Arlington public works officials said yesterday they halted unauthorized expansion of a parking lot in Crystal City operated by the giant parking corporation, Parking Management Inc. (PMI), several hours after work began.
It was the second time this year that Virginia officials have questioned PMI operations in Arlington. In April, Virginia highway officials discovered that PMI had, without permission, opened a parking lot on state-owned land planned for a highway project.
Public works inspector Frank Johnson said, the construction was discovered Thursday morning when a resident of a high-rise apartment complex across the street from the lot on South Eads Street noticed that a five-man crew was clearing brush and loading it on red, white and blue trucks owned by Excavation Construction Inc.
The resident, who asked not to be identified, called the county Public Works Department to inquire why the trees and bushes adjacent to a 150-space parking lot were being cut down.
When county officials said they did not know, inspector Johnson visited the site near the Crystal City Metro station. Johnson said that when he arrived, shortly before 9:30 a.m. he asked the crew leader whether he had a permit to enlarge the lot.

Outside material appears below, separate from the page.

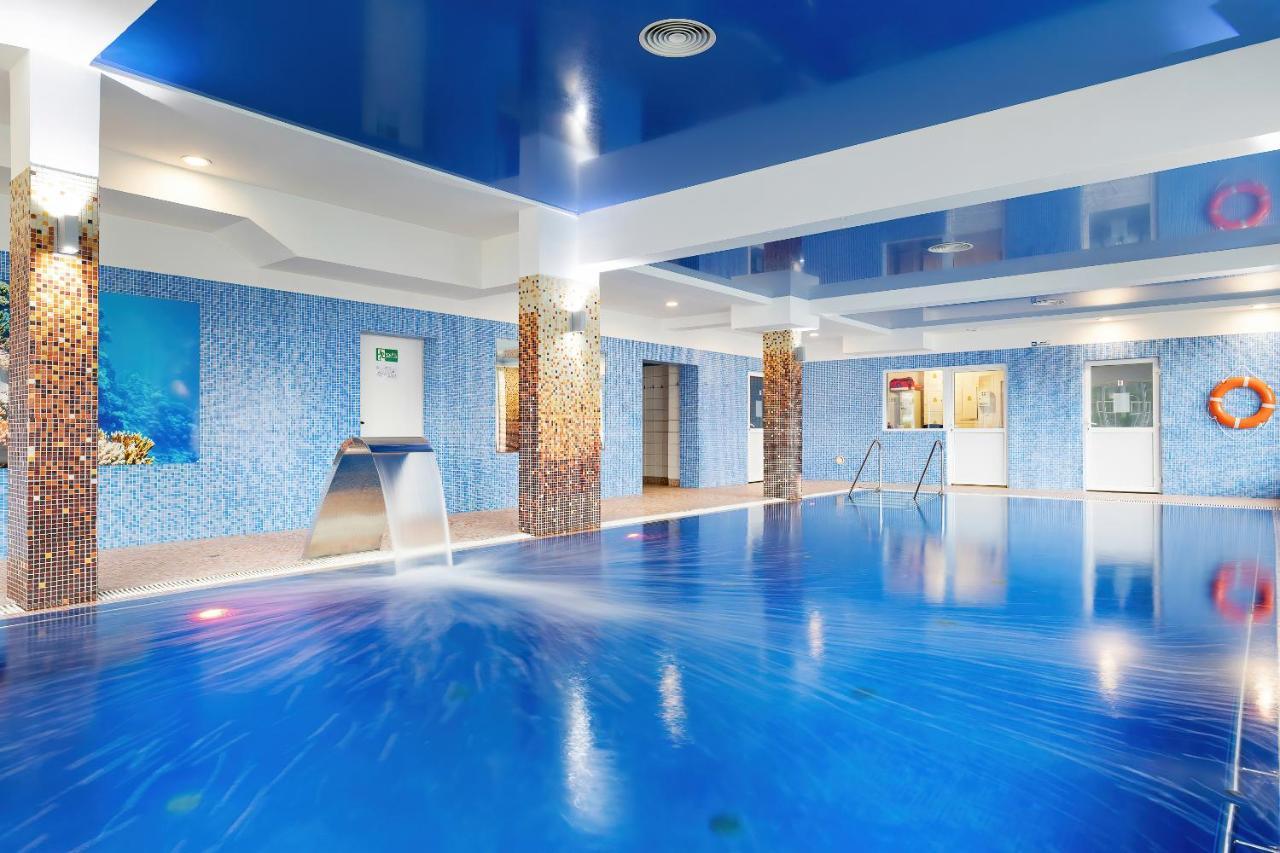 Spa Baginski & Chabinka Miedzyzdroje Esterno foto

"I told them they had 20 minutes to call their office and get the permit number and I'd be back, because I had to check out another site," Johnson said. "When I got back 20 minutes later the place was locked up and everyone was gone."
County public works director Henry S. Hulme Jr. said that 10 expand the parking lot PMI officials receive a building permit after submitting engineering sketches detailing drainage and curbing. Under routine conditions, Hulme said, a permit could be issued within a few weeks.

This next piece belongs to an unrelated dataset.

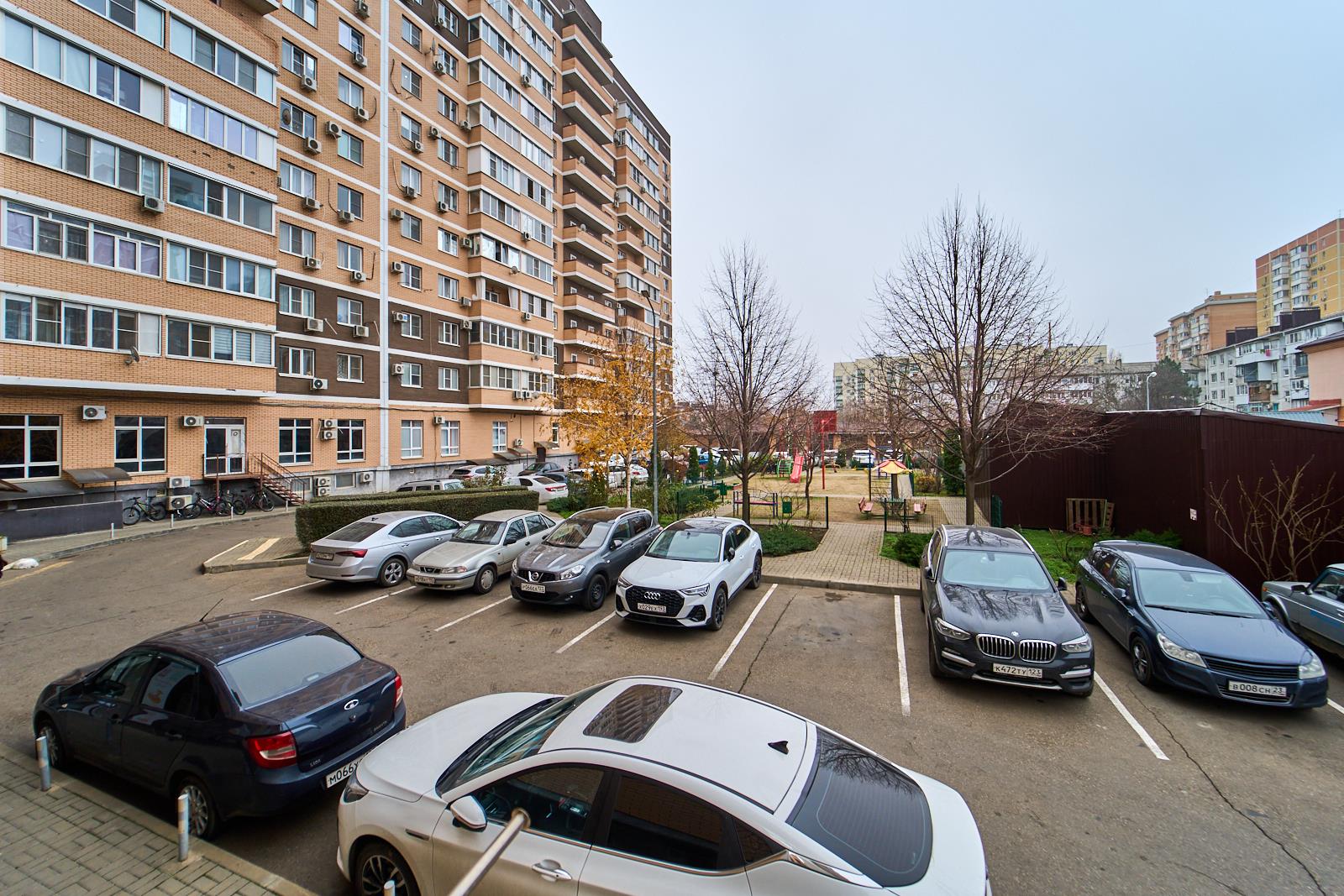 Фото №18: 1-комнатная квартира 40 м² - Краснодар, Прикубанский внутригородской округ, Отделение № 1 совхоза Солнечный, мкр. Фестивальный, ул. Атарбекова, 5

Hulme said that to his knowledge PMI had not applied for a building permit.
PMI officials, including John Lyon, the firm's general manager who is also president of Excavation Construction, did not return a reporter's phone calls yesterday.

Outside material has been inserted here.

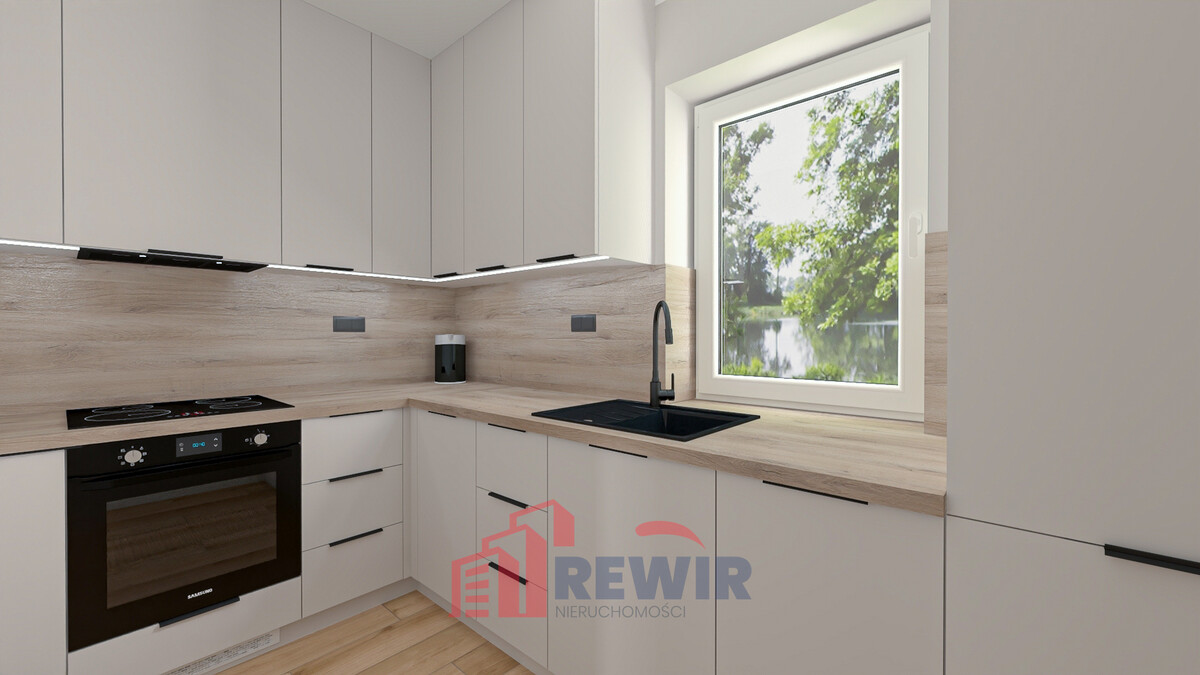 Elbląg RewiR NieruchomościWybierz Swój❤️Wymarzony RewiR Prezentujemy Państwu 2-pokojowe mieszkanie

Excavation Construction, a multimillion-dollar firm headquartered in Prince George's County, is under investigation by federal grand juries in Baltimore and Washington. The Maryland probe centers on allegations that the construction firm and other large business concerns were involved in racketeering with former Teamster Union bosses in Baltimore and Washington.
The federal grand jury in the District of Columbia is exploring allegations that D.C. Superior Court Judge Robert H. Campbell suspended or revoked fines for the construction firm.